(Web page caption snippets)
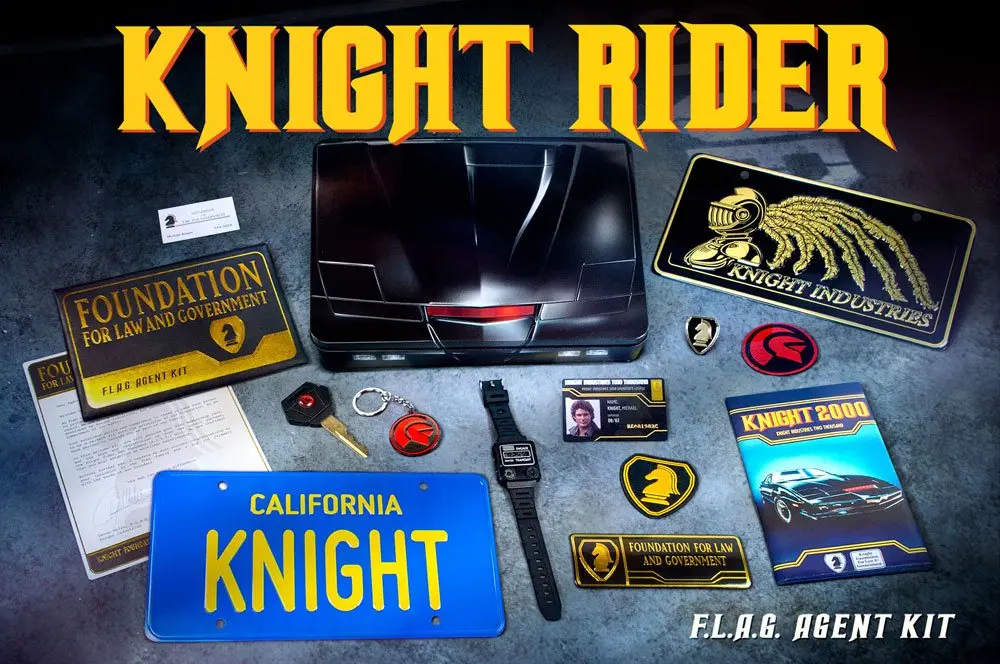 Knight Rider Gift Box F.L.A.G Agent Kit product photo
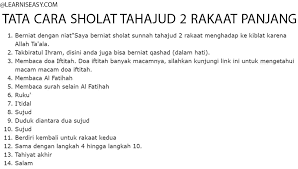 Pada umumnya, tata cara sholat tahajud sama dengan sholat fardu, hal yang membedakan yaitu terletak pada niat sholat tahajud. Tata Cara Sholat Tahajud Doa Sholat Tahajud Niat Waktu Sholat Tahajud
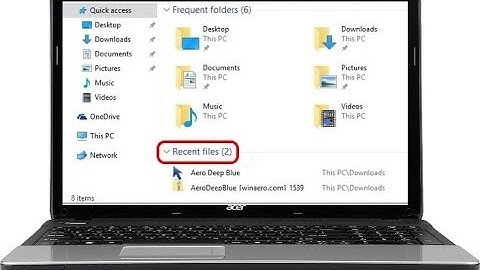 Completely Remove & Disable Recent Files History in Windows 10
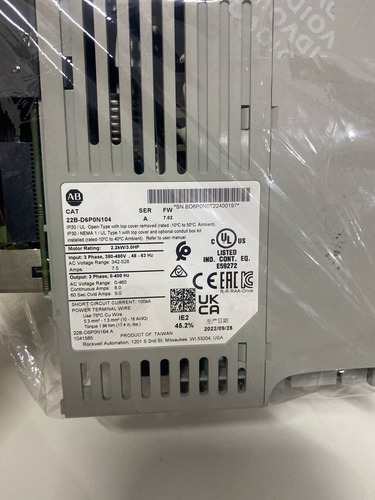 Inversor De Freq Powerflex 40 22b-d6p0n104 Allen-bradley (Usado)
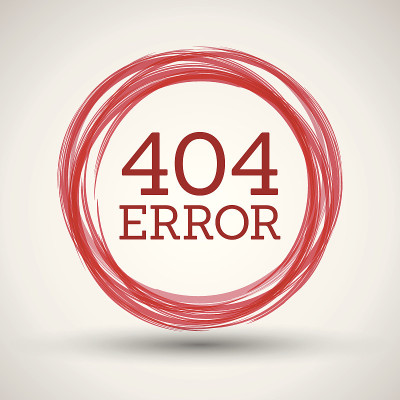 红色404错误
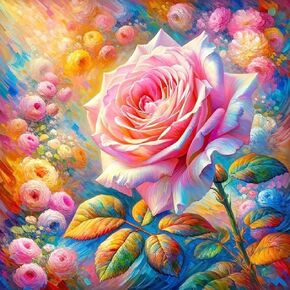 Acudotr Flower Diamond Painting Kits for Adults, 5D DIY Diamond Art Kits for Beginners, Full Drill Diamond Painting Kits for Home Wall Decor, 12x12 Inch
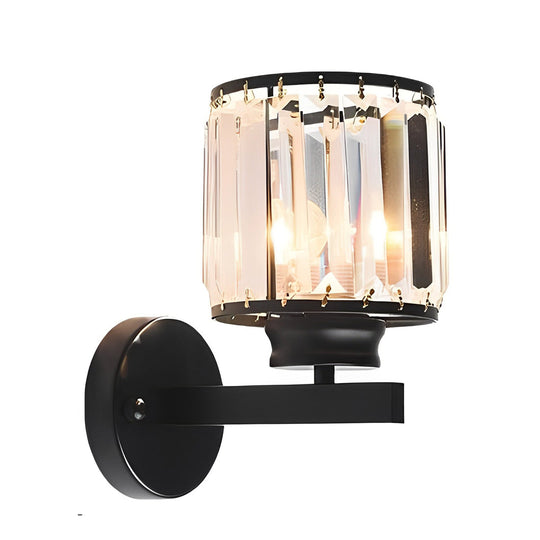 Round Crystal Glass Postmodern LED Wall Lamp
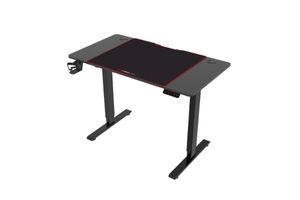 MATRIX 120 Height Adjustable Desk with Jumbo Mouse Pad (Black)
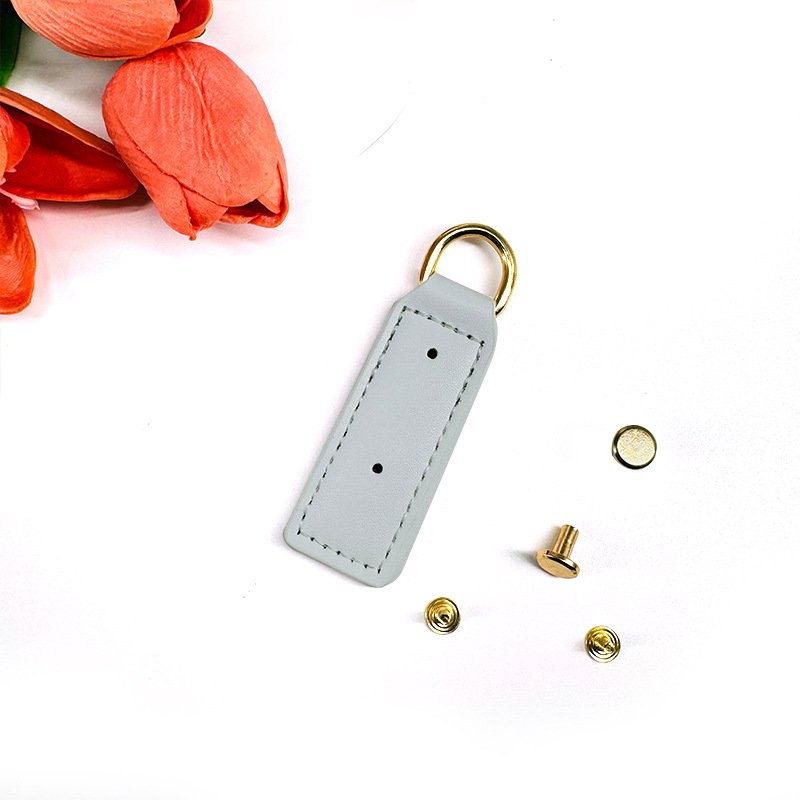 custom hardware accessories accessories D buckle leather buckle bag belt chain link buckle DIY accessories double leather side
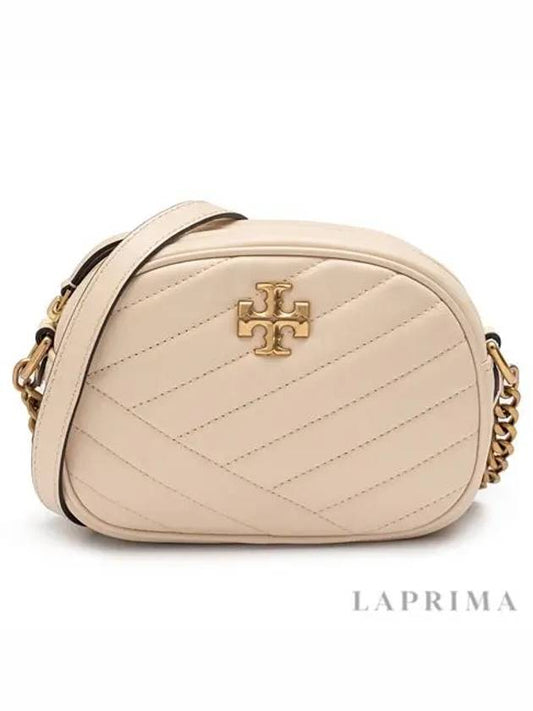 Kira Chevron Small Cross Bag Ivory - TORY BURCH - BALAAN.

What you should do:
Leave every picture out and write out, word for word, the lines from the one that contains "Completely Remove &" through the last line of the records.

Worked solution:
 Completely Remove & Disable Recent Files History in Windows 10
 Inversor De Freq Powerflex 40 22b-d6p0n104 Allen-bradley (Usado)
 红色404错误
 Acudotr Flower Diamond Painting Kits for Adults, 5D DIY Diamond Art Kits for Beginners, Full Drill Diamond Painting Kits for Home Wall Decor, 12x12 Inch
 Round Crystal Glass Postmodern LED Wall Lamp
 MATRIX 120 Height Adjustable Desk with Jumbo Mouse Pad (Black)
 custom hardware accessories accessories D buckle leather buckle bag belt chain link buckle DIY accessories double leather side
 Kira Chevron Small Cross Bag Ivory - TORY BURCH - BALAAN.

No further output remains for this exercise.